Unification of Stochastic and Quantum Thermodynamics in Scalar Field Theory via a Model with Brownian Thermostat (2503.03059v2)

Abstract: We present a systematic procedure to derive a quantum master equation for thermal relaxation in real scalar field theory, expanding on the method proposed in [Koide and Nicacio, Phys. Lett. A494, 129277 (2024)]. We begin by introducing a generalized model for a classical scalar field interacting with a Brownian thermostat, consistent with stochastic thermodynamics. Applying canonical quantization to this model, we derive the corresponding quantum master equation, that is applicable to any form of the scalar field Hamiltonian. While its evolution is generally non-CPTP (Completely Positive and Trace-Preserving), it can be adjusted to describe a CPTP evolution, such as those found in the GKSL (Gorini-Kossakowski-Sudarshan-Lindblad) equation by appropriately tuning the parameters of the model.
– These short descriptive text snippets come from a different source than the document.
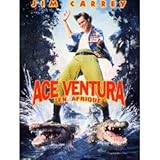  Ace ventura en afrique [VHS]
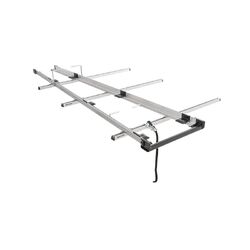 Rhino-Rack  3.0M Multi-Slide Ladder Rack System With 680mm Roller 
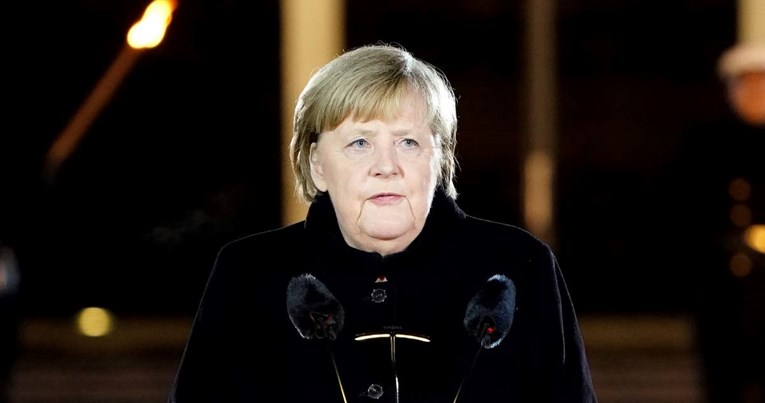 VIDEO Ovo je oproštajni govor Angele Merkel: "Treba nam jak otpor teorijama zavjera"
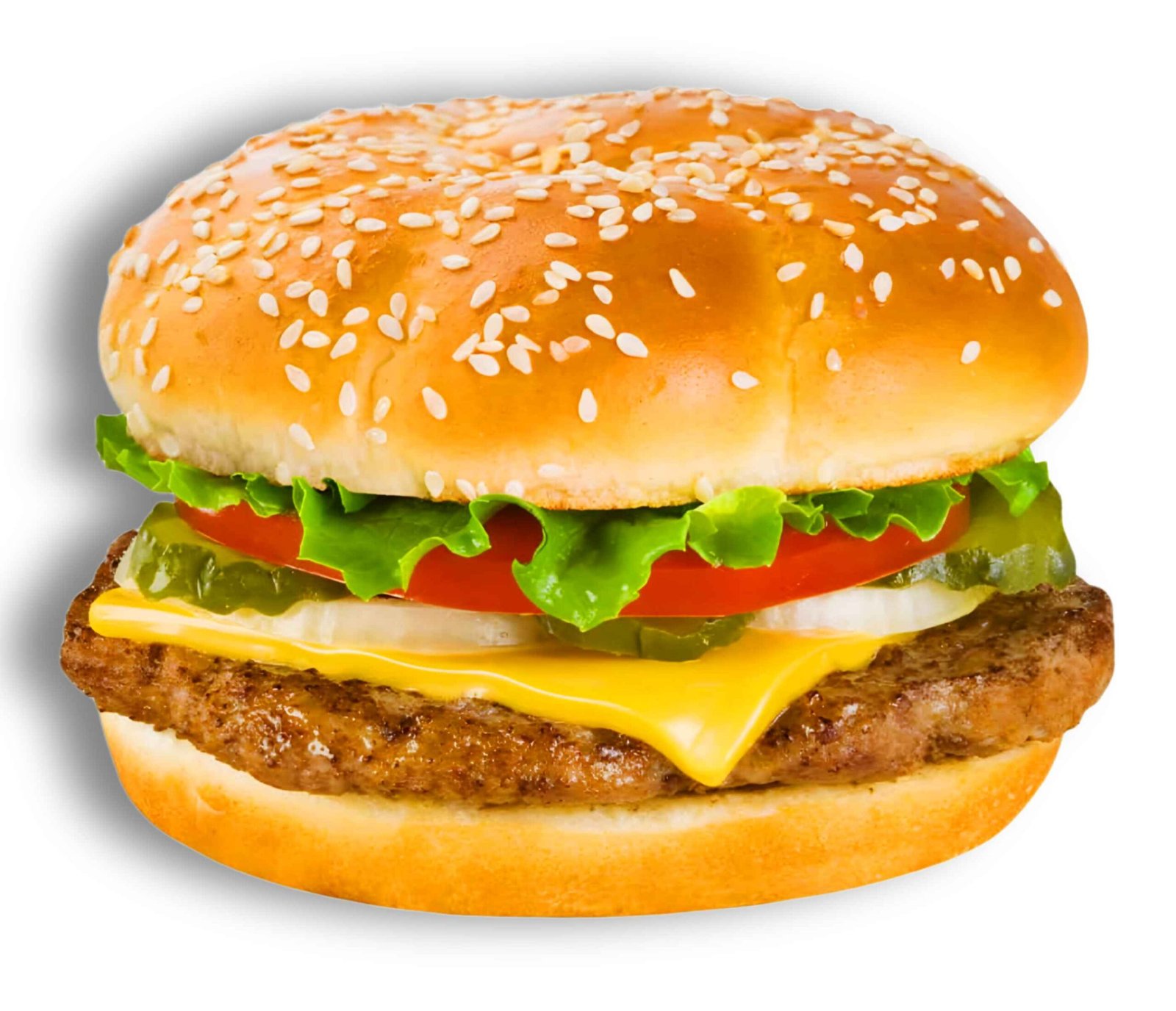 Cheese Burger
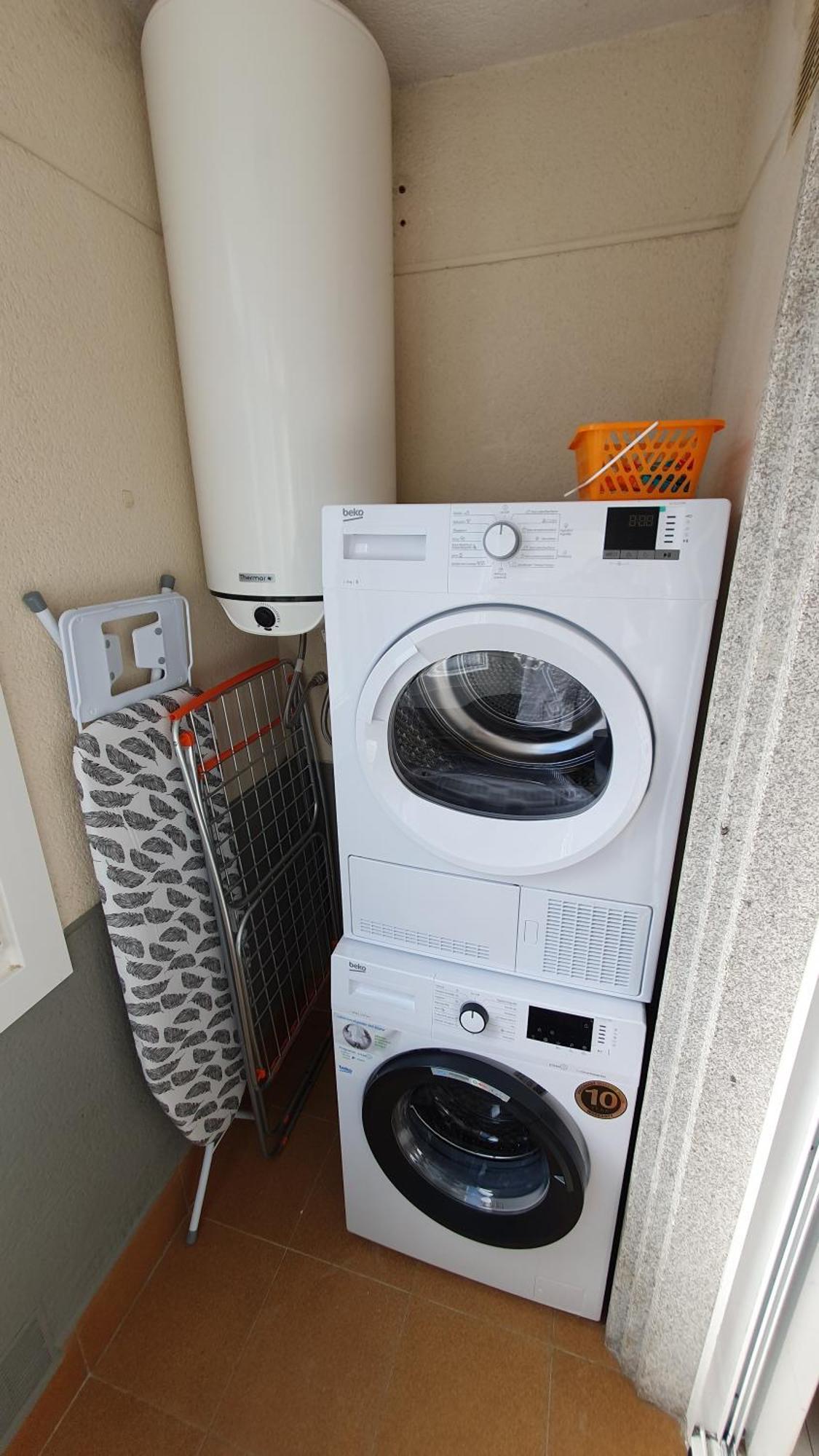 Arenales Azules Apartment ไบโยนา ภายนอก รูปภาพ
In this framework, we define heat, work, and entropy in a way that satisfies the first and second laws of quantum thermodynamics. This suggests that the quantum-classical correspondence extends beyond closed systems governed by unitary time evolution to open systems as well. We further investigate the relation between the second law in quantum thermodynamics and relative entropy, providing insights into the study of quantum fluctuations through information-theoretical techniques in quantum field theory.